Der Stichtag im Dezember 2022 ist denn auch genau das Datum, das die Menschen in Schwedt auf die Straße treibt. Unmöglich, um in dieser Zeit einen Transformationsprozess wirtschaftlich tragfähig auf den Weg zu bringen. Simona Schadow ist Betriebsratsvorsitzende der PCK: „Die Belegschaft der PCK ist bereit, sich den Herausforderungen zu stellen und den Umbau der Raffinerie mit voller Kraft einzuleiten. Wir sind eine der modernsten Raffinerien Europas. Unsere Ingenieure, Techniker und Mitarbeiterinnen und Mitarbeiter bringen alle Voraussetzungen dafür mit. Doch klar ist, dass wir die groß angelegte Unterstützung der Bundesregierung brauchen, ansonsten sehen wir unsere Arbeits- und Ausbildungsplätze in großer Gefahr. Deshalb fordern wir gemeinsam mit der IGBCE schriftliche Garantien!“
Auch die Landesregierung von Brandenburg sieht die Bundesregierung in der Pflicht, massiv in die Infrastruktur der Region zu investieren – und das auch schriftlich zu bestätigen. Ministerpräsident Dr. Dietmar Woidke rief von der Bühne: „Es darf hier zu keinem Strukturbruch wie in den 90er Jahren kommen. Die PCK muss vollumfänglich erhalten bleiben. Wir als Landesregierung werden alles tun und in alle Richtungen unterstützen, um möglichst schnell die Unsicherheit von der Region zu nehmen.“
Dietmar Woidke entwarf zugleich Szenarien für die Zukunft, indem er den hohen Ausbau der Erneuerbaren Energien in der Uckermark ansprach und sagte: „Diese Region kann und muss zu einer Modellregion für den klimaneutralen Umbau werden.“ Die Forderung der IGBCE, das PCK mittelfristig zu einer ‚grünen Raffinerie‘ hin zu entwickeln, unterstreicht die Bedeutung von Garantien für den Erhalt des Standorts.

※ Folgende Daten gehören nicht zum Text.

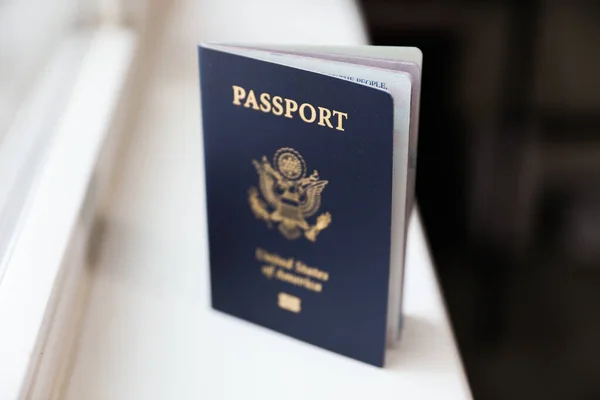 Passaporte Com Bandeiras Dos Eua Fundo Mesa Branca Conceito Viagens — Fotografia de Stock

Bundeswirtschaftsminister stellt sich der Stimmung in Schwedt
Bundeswirtschaftsminister Robert Habeck bekräftigte zu Beginn seines Auftritts, der immer wieder von emotionalen Zwischenrufen unterbrochen wurde, die Sinnhaftigkeit des beschlossenen Embargos: „Diese Sanktionen treffen Russland hart.“ Er verwies zudem auf die Bedeutung, sich schnell unabhängig von russischem Öl zu machen – schließlich müsse immer damit gerechnet werden, dass Putin die Pipeline seinerseits blockieren könne. Mit Hochdruck würde die Bundesregierung an einer Ertüchtigung der Leitung nach Rostock arbeiten. Im Mai floss von dort zum ersten Mal Rohöl nach Schwedt. 22 Maßnahmen seien identifiziert, um den Durchlauf zu erhöhen. Die sollen nun noch einmal geprüft und dann mit oberster Priorität umgesetzt werden. „Diese und weitere Maßnahmen sind der Schlüssel, um den Standort für eine Raffinierung von Öl unabhängig von russischem Öl fit zu machen“, so Robert Habeck.

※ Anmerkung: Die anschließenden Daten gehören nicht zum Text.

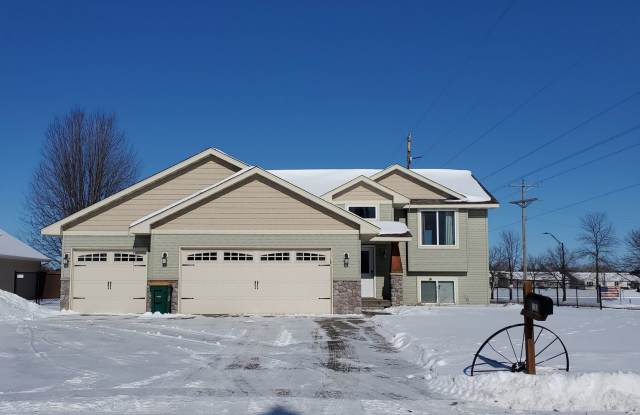 4 Bedroom 2 Bathroom house in New Richmond photos photos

Der Bundeswirtschaftsminister sicherte den Menschen in Schwedt zu, dass auch in den kommenden Jahren Öl in Schwedt raffiniert wird, die Arbeitsplätze sicher seien und mit Investitionen in die Zukunft ein nachhaltiger Transformationsprozess in Gang gesetzt wird. Die Initiatorin der Demonstration und Moderatorin Konstanze Fischer reagiert prompt: „Diese Zusagen brauchen wir schriftlich“, um dann nach der öffentlichen Zusage, nachzulegen: „Herr Habeck, das hätte ich gerne auf die Hand!“ Hinter der Bühne bestätigte der Bundeswirtschaftsminister gegenüber der PCK-Betriebsratsvorsitzenden Simona Schadow die schriftliche Garantie für den Weiterbetrieb der Raffinerie auch nach Ende der russischen Öllieferungen und die Freigabe von Geldern für die Transformationsprojekte.
Ein „Daumen hoch“ gab es im Anschluss noch von Michael Kellner, Parlamentarischer Staatssekretär im Bundeswirtschaftsministerium und Leiter der Taskforce zur Zukunft der PCK-Raffinerie. Die Taskforce trifft sich am 4. Juli zum zweiten Mal in Schwedt – Michael Kellner sagte zu, in einem Bürgergespräch im Anschluss über die Gespräche zu informieren. Die IGBCE wird am 4. Juli in Schwedt vertreten sein.